Una dirección impecable de Carlos Carrera, logra hacer del espléndido guión de Vicente Leñero, a partir de la novela de Eca de Queiroz, una película cinematográficamente sólida, producida por Arturo Ripstein. Gracias a los destemplados enconos que ha suscitado, ahora es además una película política y moralmente acreditada. El reparto es excelente. El padre Benito, protagonizado por Sancho Gracia, es el cura mandón y acomodaticio que puede encontrarse en centenares de pueblos y en no pocas parroquias urbanas. Rígido en asuntos veniales y complaciente ante grandes pero redituables pecados. Su amistad con la mujer que satisface sus apetitos gastronómicos y carnales (Angélica Aragón) forma parte de la red de complicidades que sostienen el trato entre la parroquia y sus feligreses.  Y qué decir de Dionisia, la loca del templo (Luisa Huertas) en un papel que merece un aplauso especial.  O del presidente municipal, un muy creíble Pedro Armendáriz que despotrica contra la influencia del poder de las sotanas pero que cuando considera que hace falta se allana convenientemente a ellas. Esos personajes son estereotipos de muchos otros que todo ciudadano hemos conocido o de los que hemos tenido noticia. Sacerdotes que tienen amantes, devotas perturbadas entre el incienso, la soledad y el fanatismo, jerarcas eclesiásticos capaces de tasar los pecados en pesos o dólares, gente del pueblo soliviantada por la iglesia en contra de quienes la desatienden o cuestionan.

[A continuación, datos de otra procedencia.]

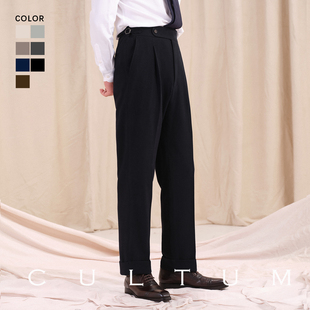 CULTUM商务通勤秋冬人字纹磨毛休闲高腰单褶百搭西裤 触如羊毛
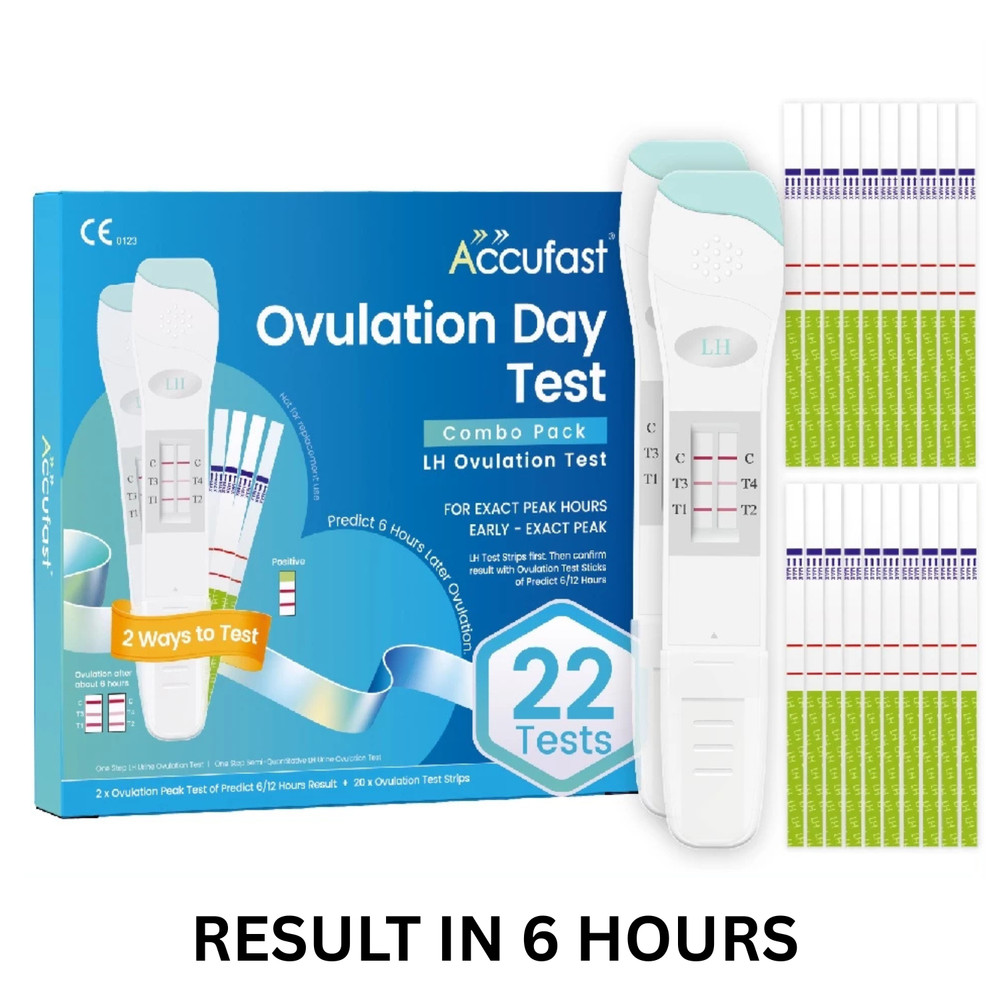 ACCUFAST Ovulation Test Kit 22pc - LH Tracking Strips & Peak Tests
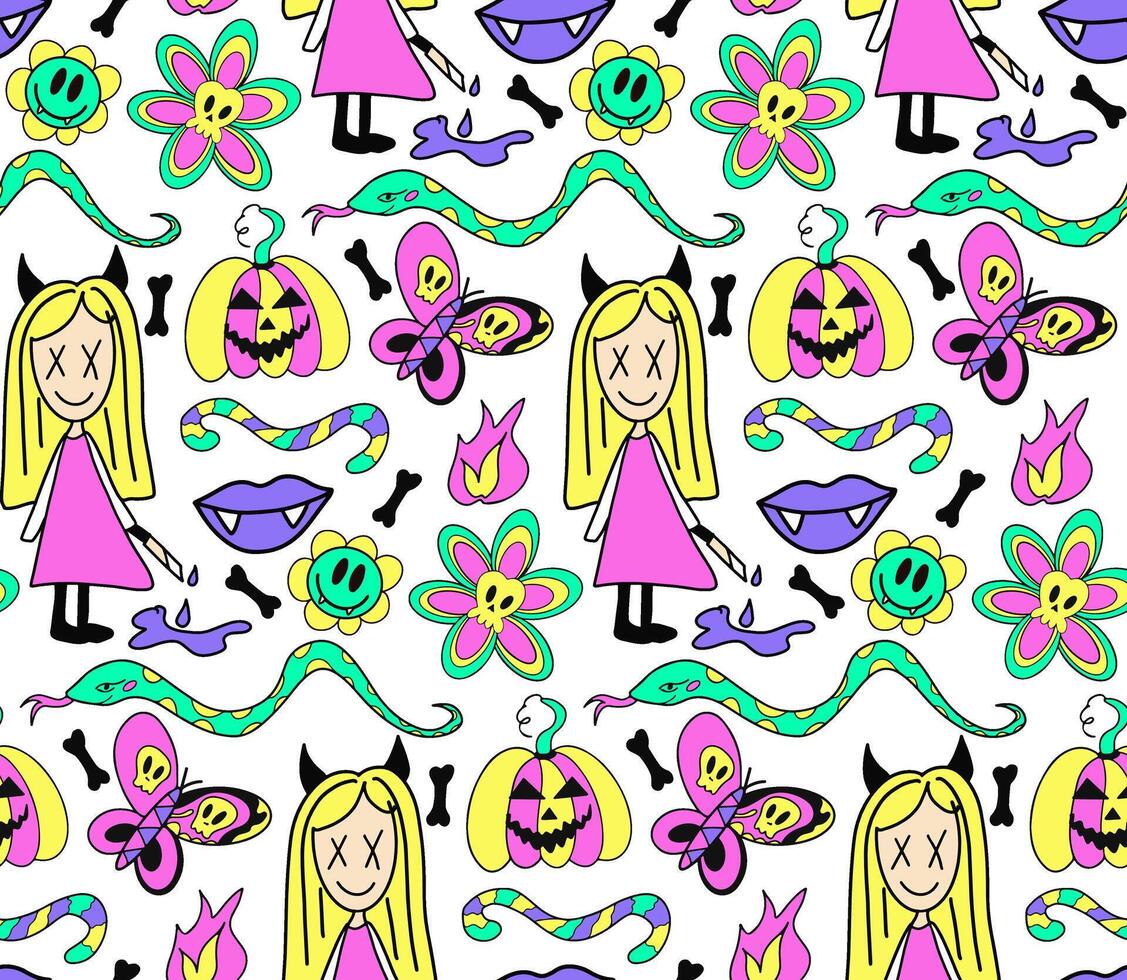 Groovy halloween pattern in retro 70s style. Psychedelic hippie design Y4K. illustration vector
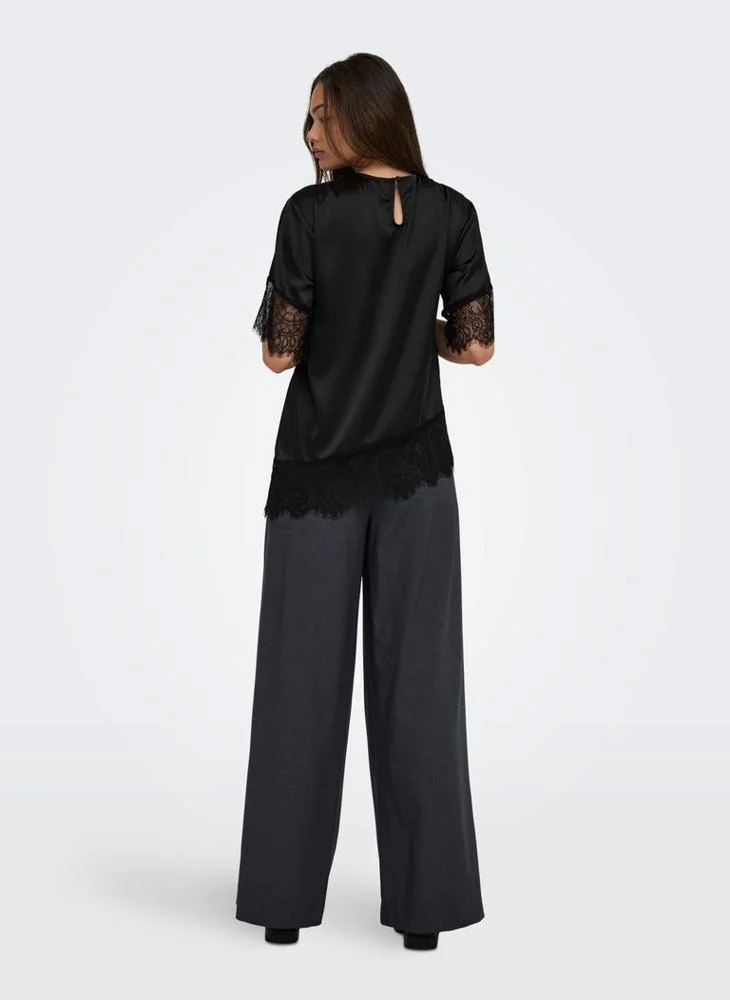 Only Onlindona Satin Lace Woven Top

Pero además, se trata de personajes de carne y hueso. Los curas de la película se entusiasman con el futbol, beben y bromean, sufren y fornican. Alguno de ellos se duele de la obligatoriedad del voto de castidad. “Ay, hijo, es más fácil que haya un Papa mexicano a que la iglesia suprima el celibato”, dice uno de los más curtidos. Justamente, los dos protagonistas éticamente más auténticos de la película son aquellos que no se avergüenzan de sus pasiones   Uno de ellos es el joven periodista (Andrés Montiel) sobre quien se alza la cólera de una jerarquía eclesiástica herida cuando son develados algunos de sus negocios. Todo lo contrario es el editor del periódico que admite que las informaciones escandalosas le sirven, porque así vende más ejemplares.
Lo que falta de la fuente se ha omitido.